Reference is not an object.

[wy]

I'm reading "C++ Primer", and it emphasizes "reference is not an object".
In P51, it says "Because references are not objects, we may not define a
reference to a reference." And in P52, it says "Because references are
not objects, they don't have addresses.

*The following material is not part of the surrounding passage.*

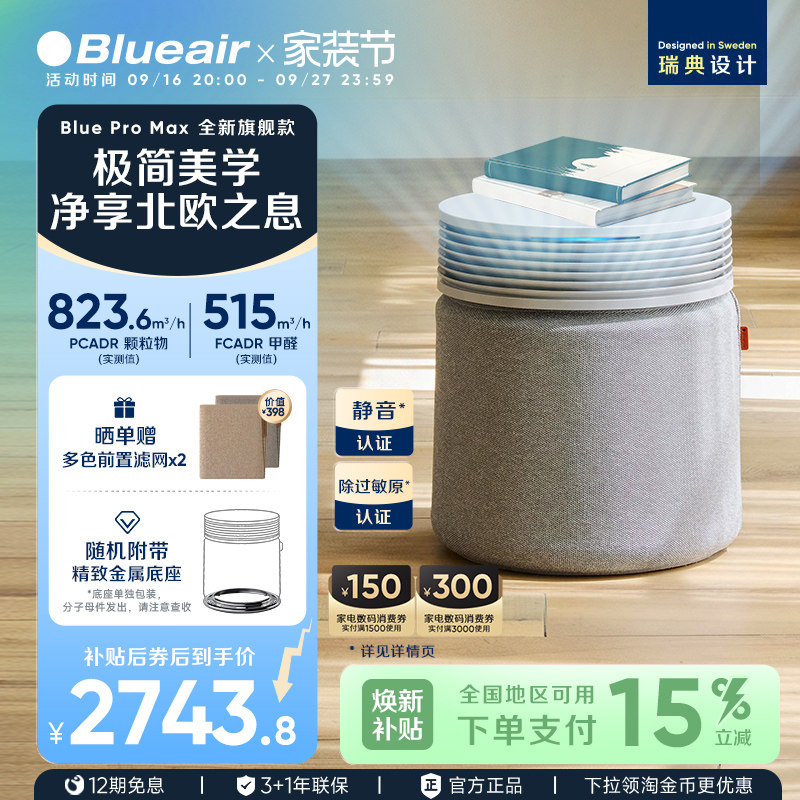 Blueair空气净化器BlueProMax图片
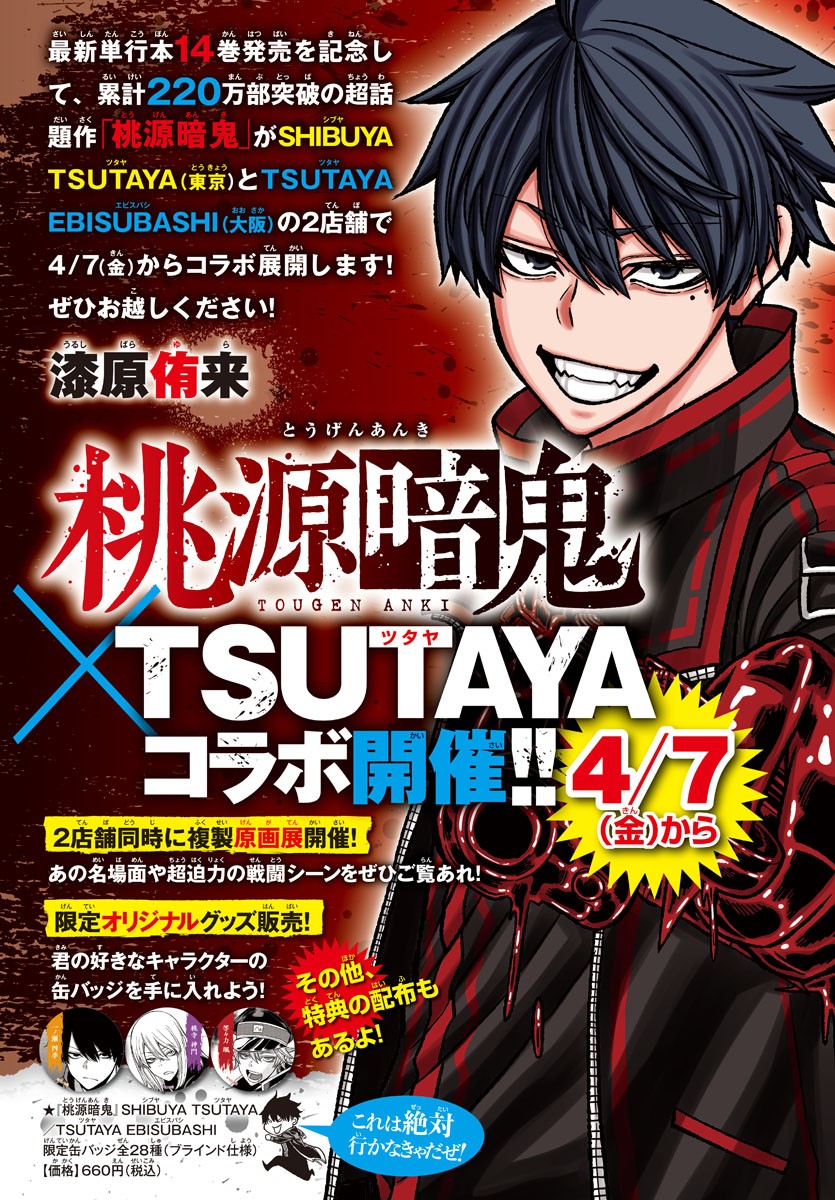 桃源暗鬼 Chap 137 - Next Chap 138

Hence, we may not define a
pointer to a reference."

But the following code works with g++.

#include <iostream>

using namespace std;

int main()
{
int val = 0xfe;
int &ref= val;
int &r = ref;
int *p = &ref;
cout << "val = " << val << endl;
cout << "ref = " << ref << endl;
cout << "r = " << r << endl;
cout << "*p = " << *p << endl;
return 0;
}

Is the feature not standard, or do I misunderstand?

[Leigh Johnston]

On 11/11/2013 01:08, wy wrote:
> I'm reading "C++ Primer", and it emphasizes "reference is not an object".
> In P51, it says "Because references are not objects, we may not define a
> reference to a reference." And in P52, it says "Because references are
> not objects, they don't have addresses. Hence, we may not define a
> pointer to a reference."
>
> But the following code works with g++.
>
> #include <iostream>
>
> using namespace std;

Don't do "using namespace std;" as it is amateurish.

>
> int main()
> {
> int val = 0xfe;
> int &ref= val;
> int &r = ref;
> int *p = &ref;
> cout << "val = " << val << endl;
> cout << "ref = " << ref << endl;
> cout << "r = " << r << endl;
> cout << "*p = " << *p << endl;
> return 0;
> }
>
> Is the feature not standard, or do I misunderstand?

You are misunderstanding the code above. Nowhere in that code is a
pointer to a reference being made; 'p' is the address of 'val' not the
address of the reference to 'val'.

/Leigh

[Ian Collins]

You misunderstand!

int &r = ref;

doesn't declare a reference to a reference, it declares another
reference that is assigned the same value as ref.

int *p = &ref;

declares an int pointer to the address of whatever ref is bound to. Yo
can see this by adding the line

cout << "p = " << p << " &val = " << &val << endl;

int& *p;

would attempt to declare a pointer to a reference.

--
Ian Collins

[wy]

On 11/11/2013 09:18 AM, Ian Collins wrote:
> int &r = ref;
>
> doesn't declare a reference to a reference, it declares another
> reference that is assigned the same value as ref.

I say this on P69 of the book. "When we use a reference, we are really
using the object to which the reference refers." Thank you!

> int& *p;
>
> would attempt to declare a pointer to a reference.
>

So "int &&" attempts to declare a reference to a reference, "int &*"
attempts to declare a pointer to a reference, right?

[Öö Tiib]

No. "int &&" is reference to int rvalue. "int &*" is syntax error
that looks like someone wanted to declare pointer to reference.

[sg]

Am 12.11.2013 02:23, schrieb wy:
> So "int &&" attempts to declare a reference to a reference,

No. Careful. && is a single token. What you should have written is:

int & &

with a space in between the ampersands. But since this doesn't work
anyways, you can just forget about it. :)

Starting with C++11 the double-ampersand (as single token) can also be
used to declare a reference. It's another kind of reference:

int & lvalue reference to int
int && rvalue reference to int (NOT a ref to a ref!)

> "int &*" attempts to declare a pointer to a reference, right?

Yes. But this also does not work, because a reference it not an object.
You can only create pointers to objects or pointers to functions.